Il viaggio offre a Montesquieu un buon punto d’osservazione delle varie forme di governo, delle differenze tra classi sociali e dei fattori economici.
Montesquieu, grande ammiratore degli antichi Romani,10 si reca in Italia, dallo studio dei loro testi ha ricavato il principio su cui la repubblica si debba fondare sulla virtù.11 Si delude nel vedere le repubbliche italiane che mostrano qualche pecca rispetto all’illustre storia italica. Venezia pecca di una produzione normativa eccessiva per via dell’avvicendarsi delle cariche. Genova patisce importanti ammanchi nelle casse dello Stato e, al di sopra della legge, alcuni nobili tiranneggiano. Lucca, invece, fornirà spunti per l’argomento del sistema di rotazione delle cariche.
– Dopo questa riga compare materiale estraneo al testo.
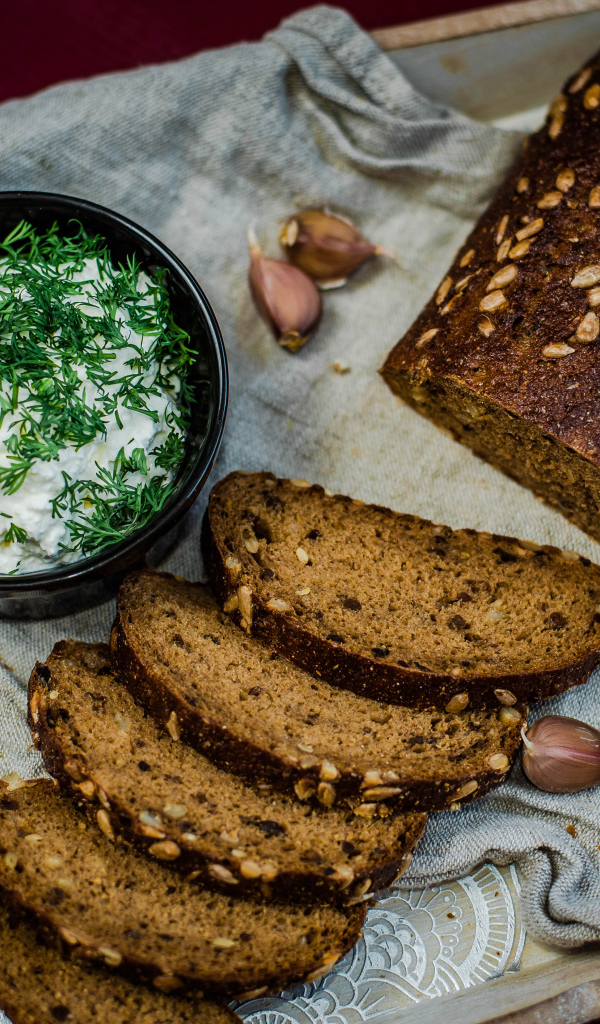 Свежий хлеб с зернами на столе с соусом и чесноком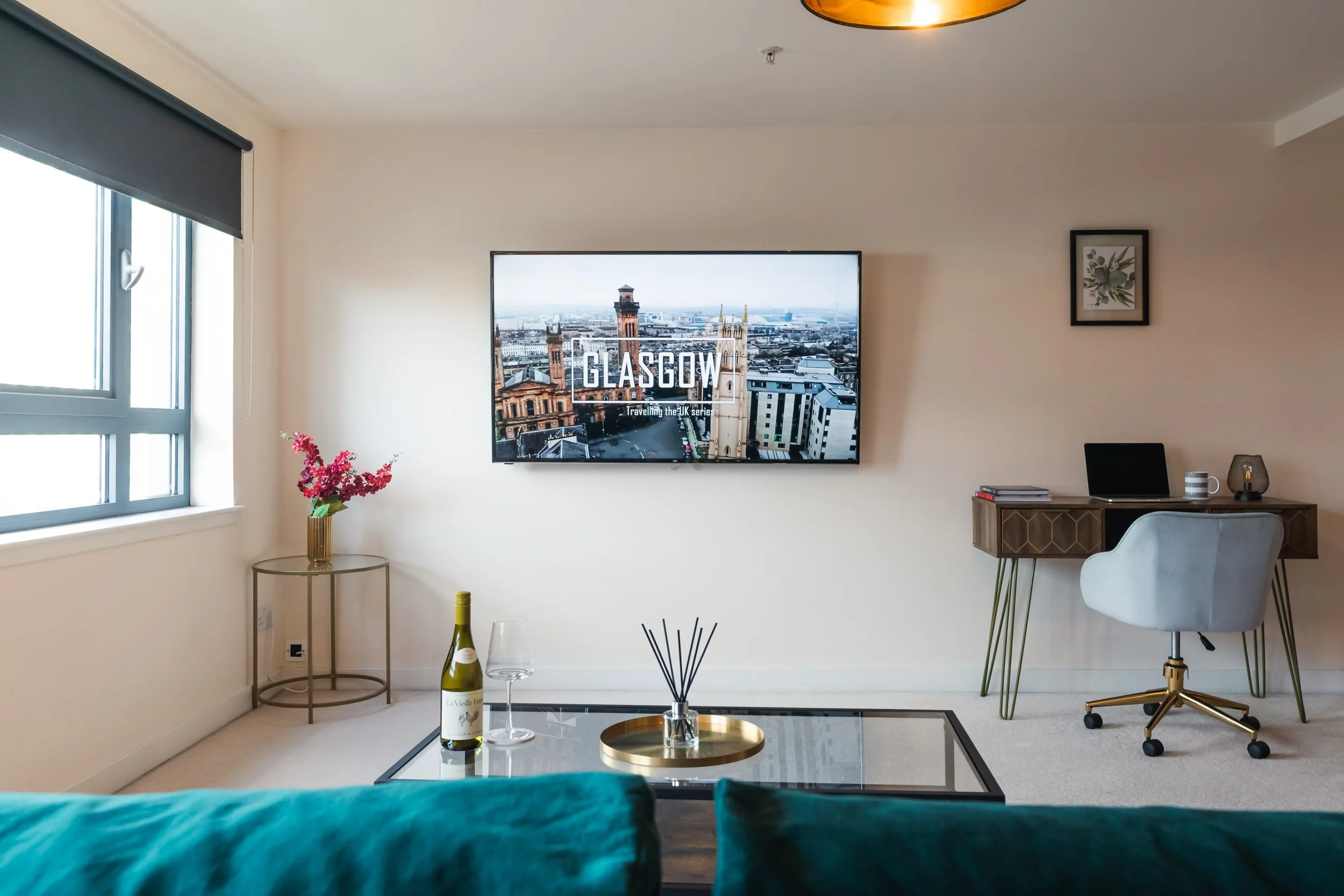 Living room with a wall-mounted TV displaying 'Glasgow' and cityscape, a window with black blinds, a side table with pink flowers, a glass of wine and a wine bottle on a coffee table, a desk with a laptop, books, mug, and decorative items, and a gray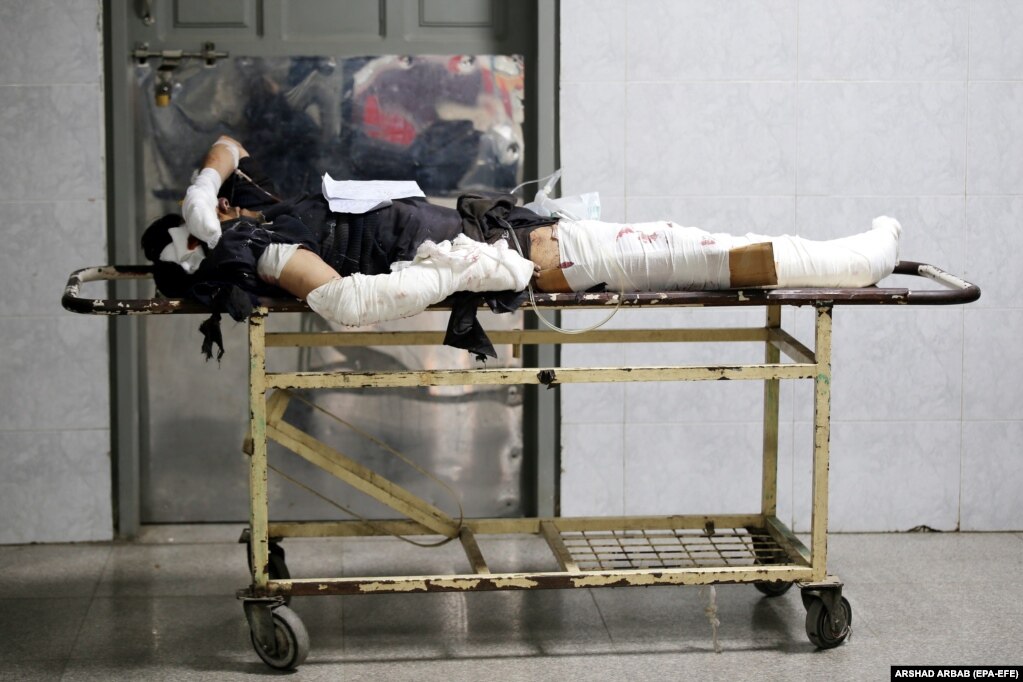 ...as an injured man lies on a stretcher at the hospital. &nbsp;
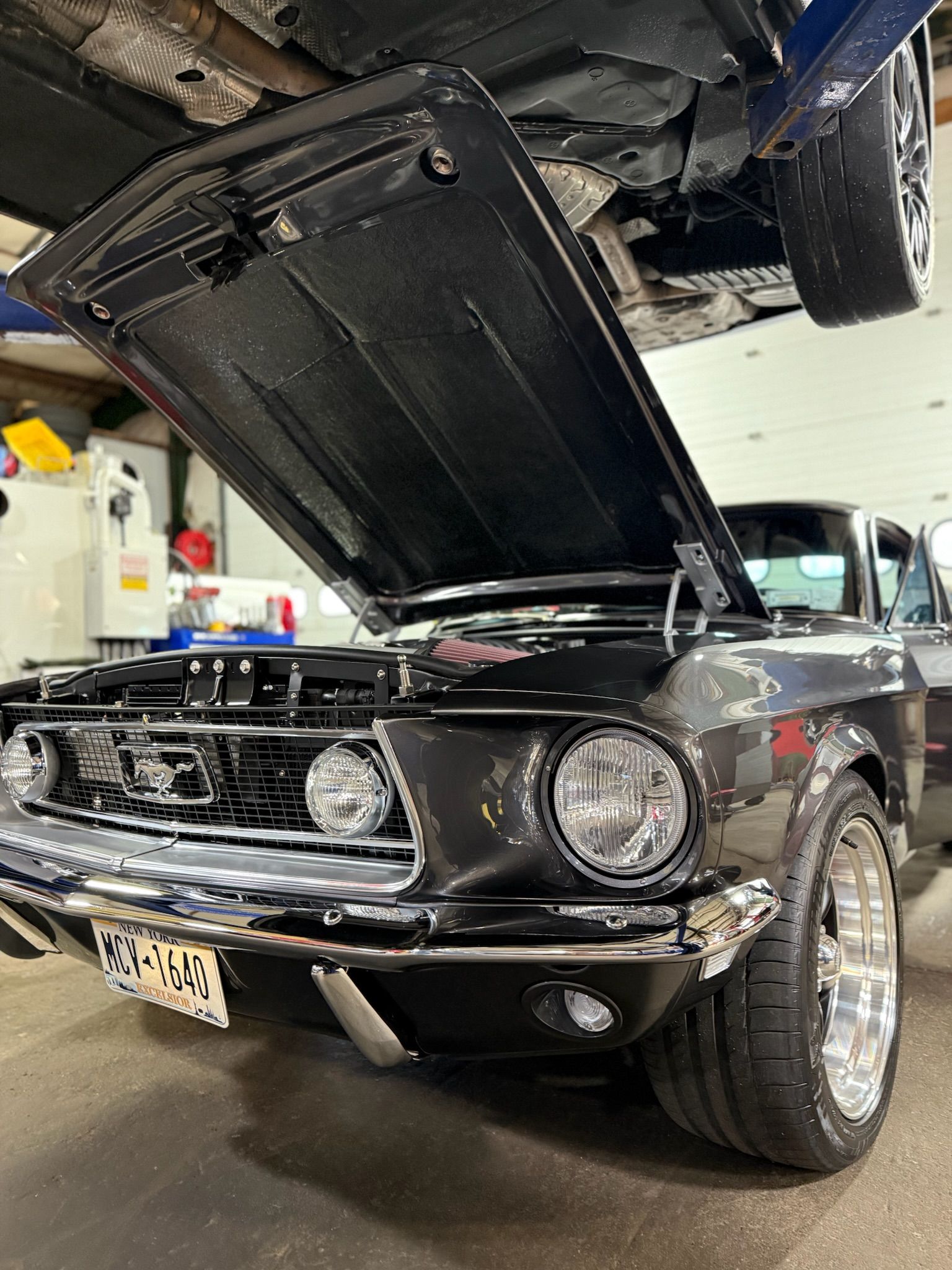 Black classic Mustang in a garage with hood open, front view showing chrome grille and round headlights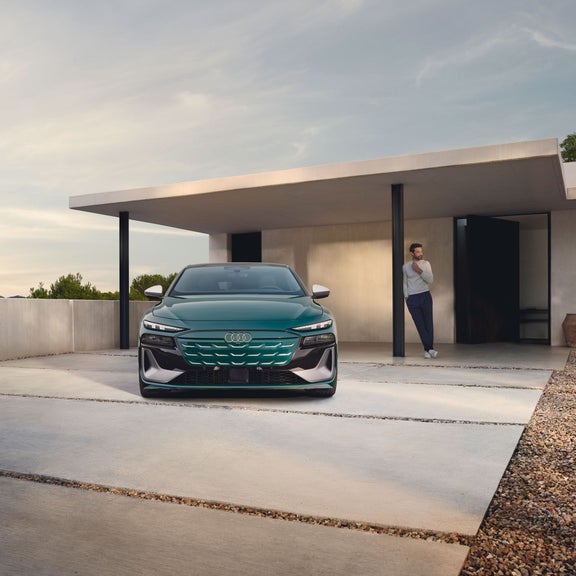 Front view of the Audi S6 e-tron parked in front of a modern home with a person leaning against a pillar nearby.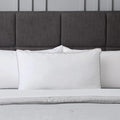 Front view of the Malouf Gel Convolution bed pillow with a breathable, moisture-wicking striped cover.
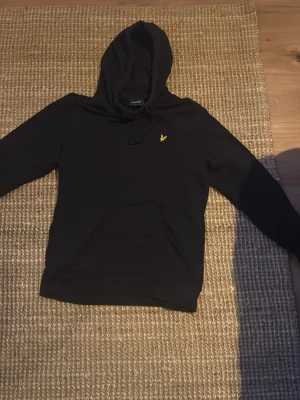 Svart hoodie från Lyle & Scott - Snygg svart hoodie från Lyle & Scott med klassisk gul logga broderad på bröstet. Perfekt för en avslappnad och stilren look.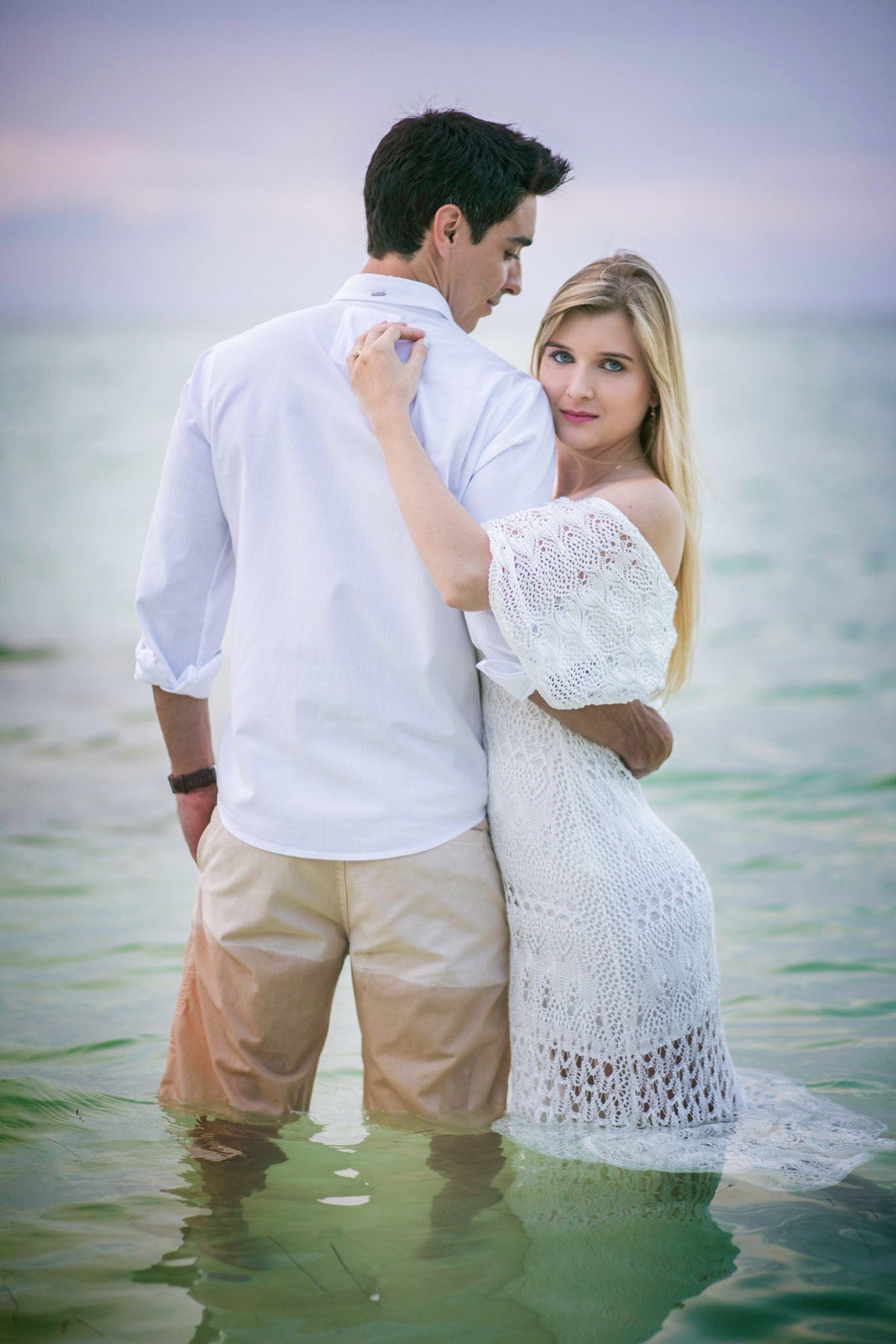 Noivos na praia de água azul. Ensaio de romântico na praia realizado no resort Barceló Bávaro Palace na República Dominicana pelo fotógrafo de casamento Rafael Ohana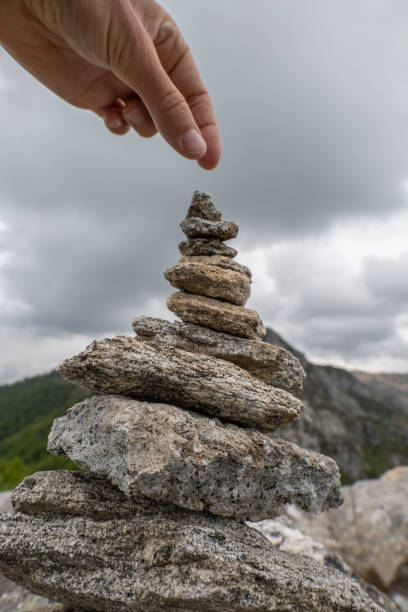 istock Detail of hand stacking rocks on a mountain top 1322463954
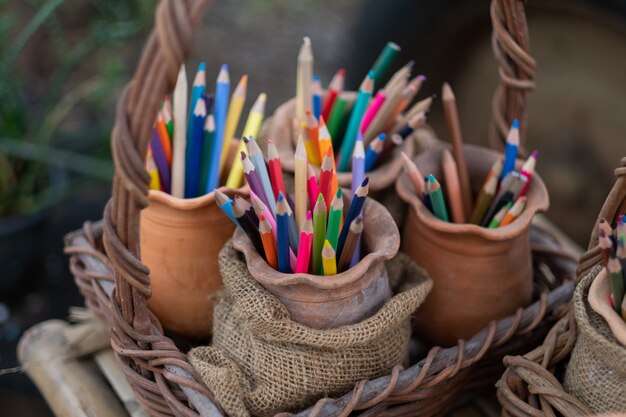 Color pencil in the basket, back to school concept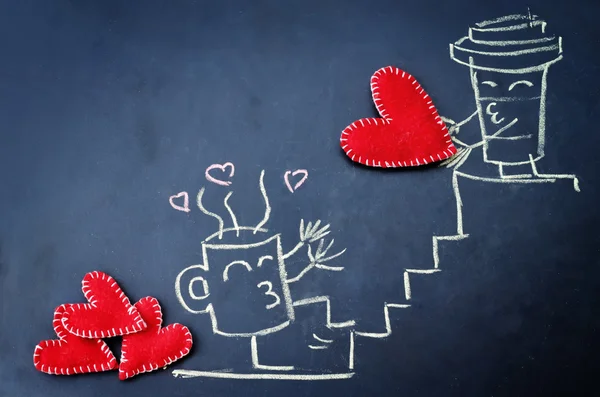 Cups of coffee with toy hearts drawn on the chalkboard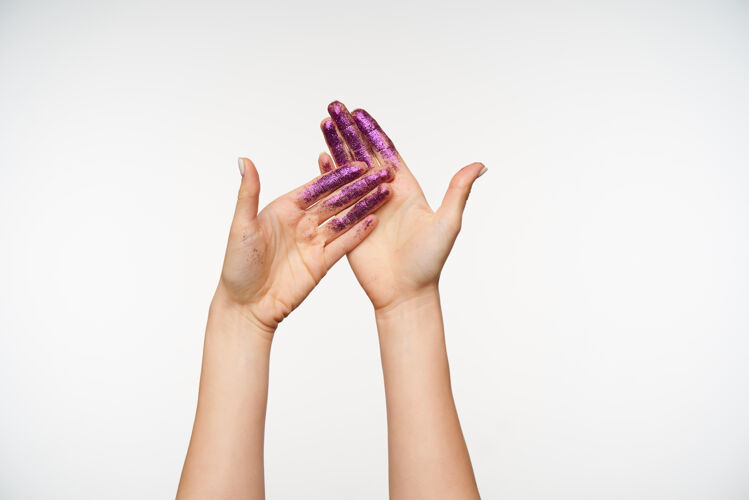 情绪年轻的皮肤白皙漂亮的手的正面图显示手掌紫罗兰色闪烁 同时摆出孤立站在白色人类的手和手势的概念绘画女人站立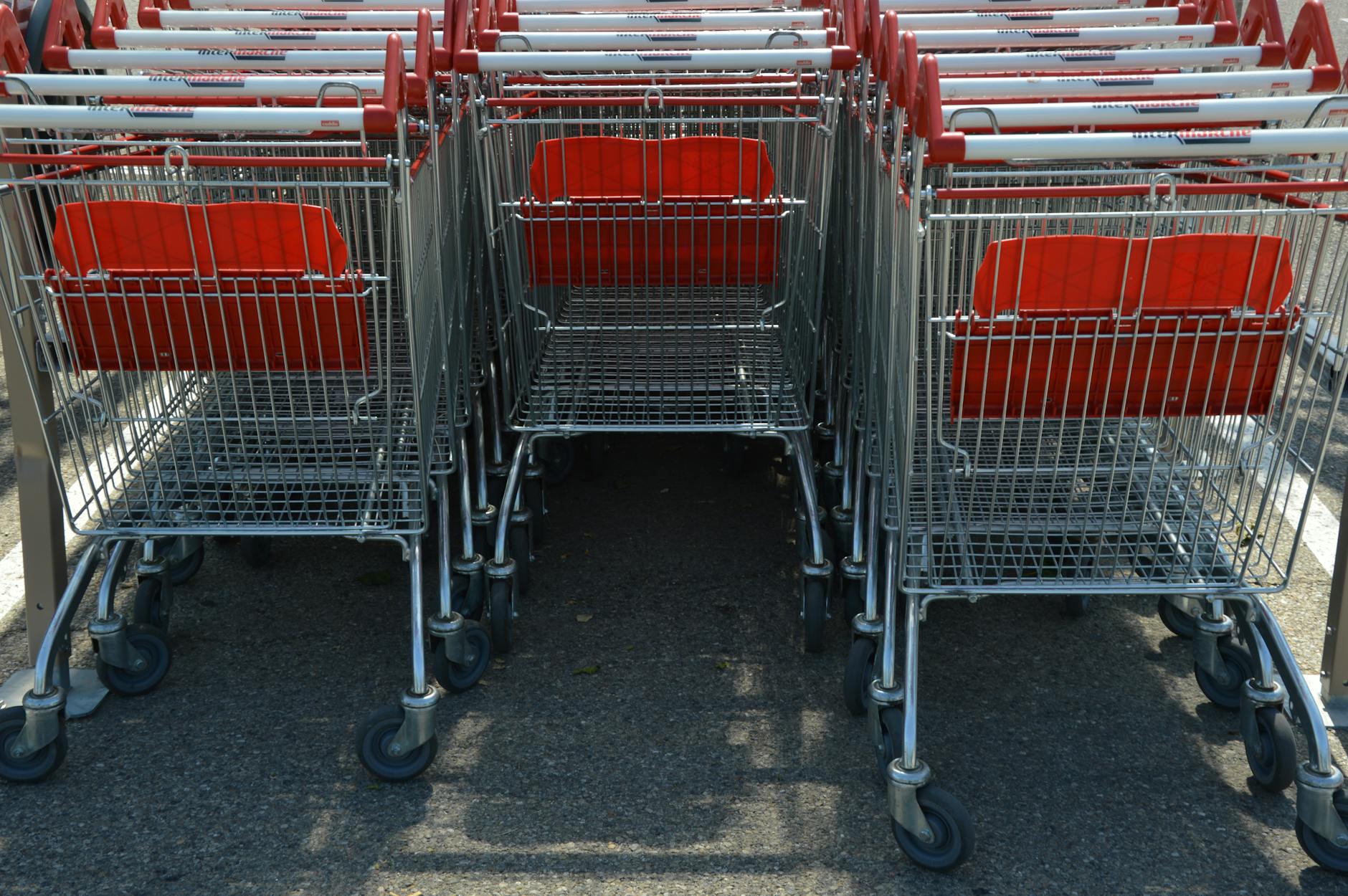 Shopping cart in grocery store aisle showing typical retail shopping experience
Altra esperienza sconfortante è la percezione delle repubbliche olandesi. Si tratta di un bicchiere mezzo pieno: se da una parte gli uomini non incarnano il valore della virtù auspicato da Montesquieu perché il commercio ha in essi prodotto avidità e avarizia, dall’altra l’Olanda diventa musa ispiratrice per il discorso sugli Stati federali.
Visitare l’Ungheria, come Montesquieu scrive nei Pensées, si rivela occasione per studiare le usanze di un sistema feudale simile a quello che era diffuso in tutta Europa, ma ch’egli non avrebbe altro modo di osservare diversamente, se non recandosi nel luogo dove si è conservato. In Germania lo porta la curiosità per la convivenza tra diverse religioni cristiane. Dopo la pace di Westfalia vi è la suddivisione dei magistrati tra le confessioni cristiane che si controllano a vicenda e la parità giuridico-politica: questo diventa motivo di libertà per i cittadini. La delusione della visione delle repubbliche porta Montesquieu ad osservare la monarchia inglese con meno rigidità. In terra britannica ha l’occasione di assistere a svariate sedute della Camera, dove scopre il fascino dell’ideale dialettico di libertà nella vita politica che permette la verifica dell’operato degli organi dello Stato. Perfino il sovrano è soggetto alla legge, le leggi inglesi mirano a garantire la libertà dei cittadini. Il gioco di equilibri del sistema ispira a Montesquieu una tra le sue teorie più famose: la teoria della separazione dei poteri.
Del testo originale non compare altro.